According to a booklet that was distributed by BHAAAD at the meeting:

The PSSST programming looks worthwhile, thoughtful and interesting. It has the surface-level qualities of “serving the community” that one might want in an art gallery. But only a block away from PSSST, the Boyle Heights residents have been fighting displacement and multiple forms of violence for decades. The eviction notices are already being posted.

The “PSSST Gallery” was purchased in 2014 by an undisclosed investor who dropped over a million dollars into the purchase and architectural renovation of the former warehouse building. The investor has given the PSSST gallerists a 20-year, rent-free lease to do artistic programing.

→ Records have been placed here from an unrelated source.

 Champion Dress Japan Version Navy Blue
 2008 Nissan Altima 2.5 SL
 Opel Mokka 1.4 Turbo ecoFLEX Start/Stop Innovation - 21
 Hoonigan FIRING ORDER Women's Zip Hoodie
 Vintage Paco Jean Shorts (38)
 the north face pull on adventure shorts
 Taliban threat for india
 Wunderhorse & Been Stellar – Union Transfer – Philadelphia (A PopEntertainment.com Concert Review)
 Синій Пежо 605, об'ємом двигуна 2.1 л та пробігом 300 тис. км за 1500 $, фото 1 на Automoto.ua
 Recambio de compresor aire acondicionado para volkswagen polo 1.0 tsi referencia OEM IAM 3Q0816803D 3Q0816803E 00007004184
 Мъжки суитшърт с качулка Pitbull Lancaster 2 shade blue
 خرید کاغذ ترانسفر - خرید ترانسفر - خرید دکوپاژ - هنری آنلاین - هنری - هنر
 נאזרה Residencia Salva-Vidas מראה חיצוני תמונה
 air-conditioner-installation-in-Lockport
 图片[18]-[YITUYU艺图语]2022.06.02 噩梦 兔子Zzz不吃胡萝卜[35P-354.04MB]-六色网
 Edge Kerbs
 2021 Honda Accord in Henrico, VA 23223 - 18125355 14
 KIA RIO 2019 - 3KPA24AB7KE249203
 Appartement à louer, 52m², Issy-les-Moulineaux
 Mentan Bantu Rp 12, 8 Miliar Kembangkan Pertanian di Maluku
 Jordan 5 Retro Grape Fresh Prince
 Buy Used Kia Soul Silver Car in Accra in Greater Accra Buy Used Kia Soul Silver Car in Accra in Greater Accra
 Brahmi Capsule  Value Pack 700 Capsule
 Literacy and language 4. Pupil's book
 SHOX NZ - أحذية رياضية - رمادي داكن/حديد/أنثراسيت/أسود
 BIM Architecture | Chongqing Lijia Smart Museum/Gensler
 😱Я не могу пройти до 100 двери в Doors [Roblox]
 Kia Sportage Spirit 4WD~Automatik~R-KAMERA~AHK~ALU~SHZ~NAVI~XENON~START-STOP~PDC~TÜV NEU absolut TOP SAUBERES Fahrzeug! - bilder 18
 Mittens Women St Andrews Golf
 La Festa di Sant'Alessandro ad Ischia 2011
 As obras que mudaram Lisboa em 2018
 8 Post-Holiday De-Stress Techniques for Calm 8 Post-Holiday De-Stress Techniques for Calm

Concerns had been raised that the building could very easily be flipped and resold again to the highest bidder. In PSSST, we see, once again, the convergence of real estate investment and art.

Self Help Graphics also has faced scrutiny. Founded more than 43 years ago as a printmaking studio, it is considered an important Eastside community space. Artist-cartoonist Lalo Alcaraz recently posted a comment on Defend Boyle Heights' Facebook page, defending Self Help Graphics:

I'm all against gentrification. (See my work if you don't believe it.) I'm with you too. Mostly. I have to say, attacking Self Help Graphics, or ANY artists that have contributed to making Boyle Heights or East Los a GLOBAL arts mecca is just plain WRONG. I don't know if this is a fight you are looking to pick, but I am telling you now, you are barking up the wrong tree. SHG, and other self-respecting artists and orgs too, have put years and years, blood sweat and tears — OUR WHOLE LIVES — into making Chicano art, and to make art accessible into the community, and to let the planet know that we are here and are important, and not going anywhere.

Defend Boyle Heights has accused Self Help Graphics of having ties to the developer that wants to demolish the affordable Wyvernwood Apartments complex; it's also castigated the nonprofit for its role assisting the producers of Hopscotch, the experimental mobile opera that took place last year in a fleet of cars. Part of the production took place in Boyle Heights' Hollenbeck Park, where participants were met by angry protesters. 

“[Self Help Graphics has] been playing this role of gatekeeper for artists,” Miranda says. “We’re saying that they need to make a bigger effort to amplify the voices of the people that are gonna be most affected by this, and that doesn’t happen to be artists in this situation. It happens to be people who can’t afford to live here anymore.”

“It’s tough,” Self Help Graphics associate director Betty Avila says. “It’s tough to hear folks call out an organization that has done so much to support the artistic community, the greater community. But it’s opening up a needed dialogue.”